Oesophageal Cancer Westminster Campaign

David Heyes one of the OPA's trustees, was the host of a rally and one of the MPs who signed the campaign pledge on oesophageal cancer last night (13 October 2014) at a well attended rally and reception at Westminster.

The pledge draws attention to the fact that more than 70% of the oesophageal cancer cases in the UK are associated with Barrett's Oesophagus, that awareness of this amongst the public and health professionals is low, and that access to early diagnosis and treatment for Barrett's Oesophagus reduces the likelihood of developing cancer which saves lives and is cost-effective for the NHS. The pledge ends 'We believe that NHS England should support guidance and referral of patients with persistent heartburn and those at risk of Barrett's Oesophagus. In addition we fully support the Be Clear on Cancer campaign and its extension across the NHS to the rest of England"

So thank you to all those who contacted their MPs and attended Parliament yesterday. We believe it was a resounding success. The reception was hosted by Mike Thornton, MP for Eastleigh. As well as surgeon Tim Underwood, the speakers included Professor Mike Griffin from Newcastle, Andrew Gwynne MP, shadow health minister, Norman Lamb and Jane Ellison, both ministers in the Health Department, thereby demonstrating cross party support. One patient story included a Barrett's Oesophagus patient who had not attended check ups for some years only to find that he had developed high grade dysplasia. This would have meant an oesophagectomy, but he was given successful radio frequency ablation (RFA) treatment.

So now the campaign needs to continue this momentum.

Scotland, Wales and Northern Ireland all have their own sections of the NHS and ministers.

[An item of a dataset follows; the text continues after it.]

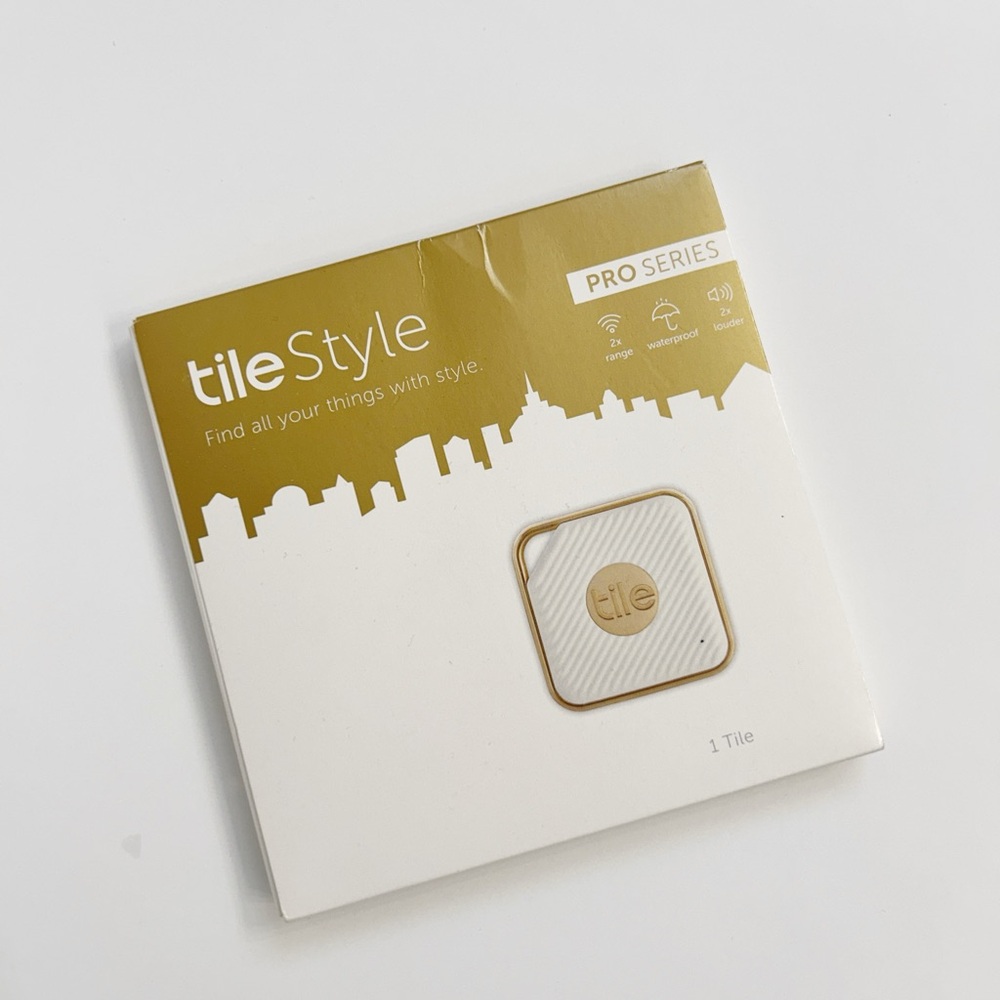 BNIB Tile Style Pro Series Bluetooth Tracker - Gold/White - Waterproof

The importance of diagnosing , monitoring and treating Barrett's Oesophagus is an important strategy for reducing deaths from oesophageal cancer through early diagnosis. Provision of RFA is patchy at the moment (there was one patient there who had been successfully treated by RFA only after insisting on a referral to another hospital after an oesophagectomy was planned for him). The Be Clear on Cancer campaign will be run across England from 26 January until the end of February 2015, so we need to do all we can to support that.

We are most grateful to David Heyes and Mike Thornton for their part in making the day a success.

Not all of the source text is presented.